- _Supplied material_
----------

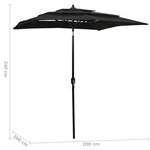 vidaXL Parasol de jardin à 3 niveaux avec mât en aluminium noir 2x2 m
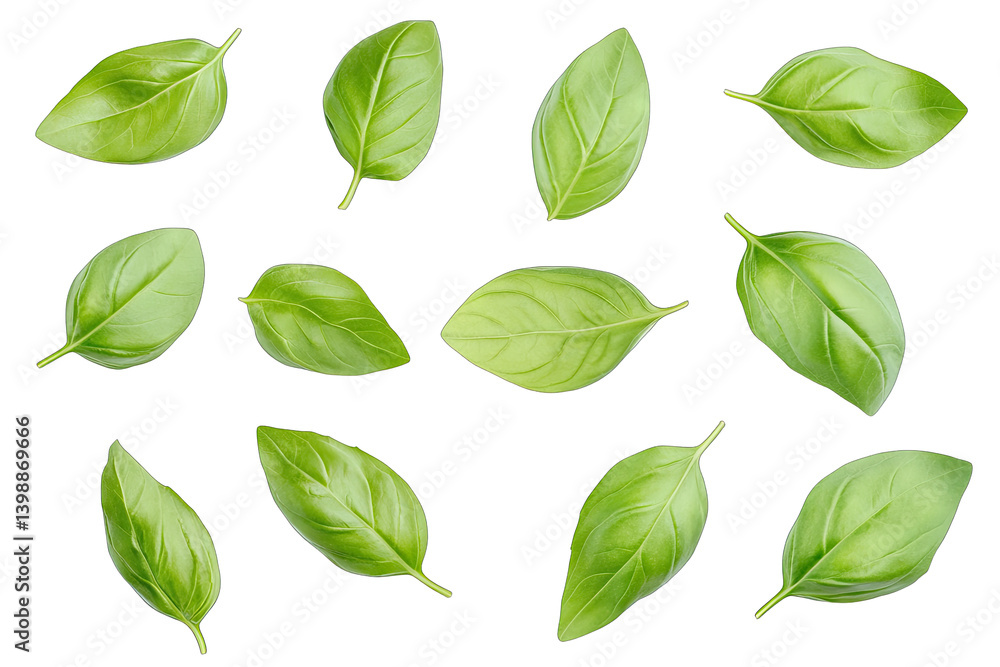 an arrangement of fresh basil leaves on a white background showcasing their vibrant green color and natural texture ideal for culinary use or botanical representation an arrangement of fresh basil leaves on a white background showcasing their vibrant green color and natural texture ideal for culinary use or botanical representation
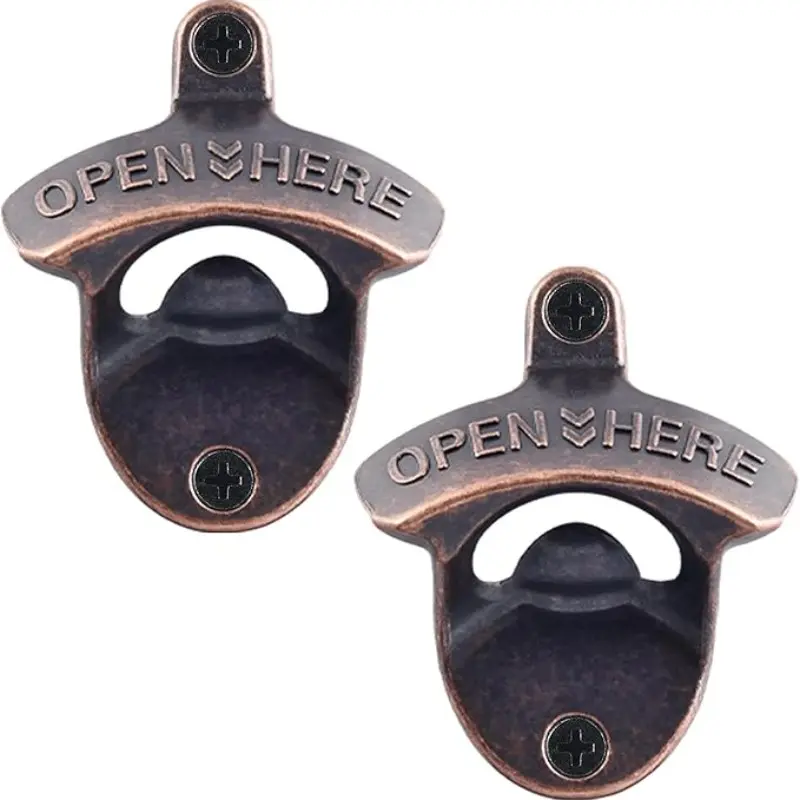Vintage Rustic Beer Opener Set, Wall-Mounted Antique Copper Stainless Steel, Installable Kitchen Soda Bottle Top Opener, 2 Pieces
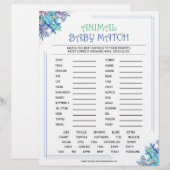 Dierlijke Baby [Blauw Floral Theme] Briefhoofd (Voorkant / Achterkant)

----------

The answer should contain nothing but the lines from the top of the data above through the line containing "Vintage Rustic Beer", copied exactly, with no images.

 vidaXL Parasol de jardin à 3 niveaux avec mât en aluminium noir 2x2 m
 an arrangement of fresh basil leaves on a white background showcasing their vibrant green color and natural texture ideal for culinary use or botanical representation an arrangement of fresh basil leaves on a white background showcasing their vibrant green color and natural texture ideal for culinary use or botanical representation
Vintage Rustic Beer Opener Set, Wall-Mounted Antique Copper Stainless Steel, Installable Kitchen Soda Bottle Top Opener, 2 Pieces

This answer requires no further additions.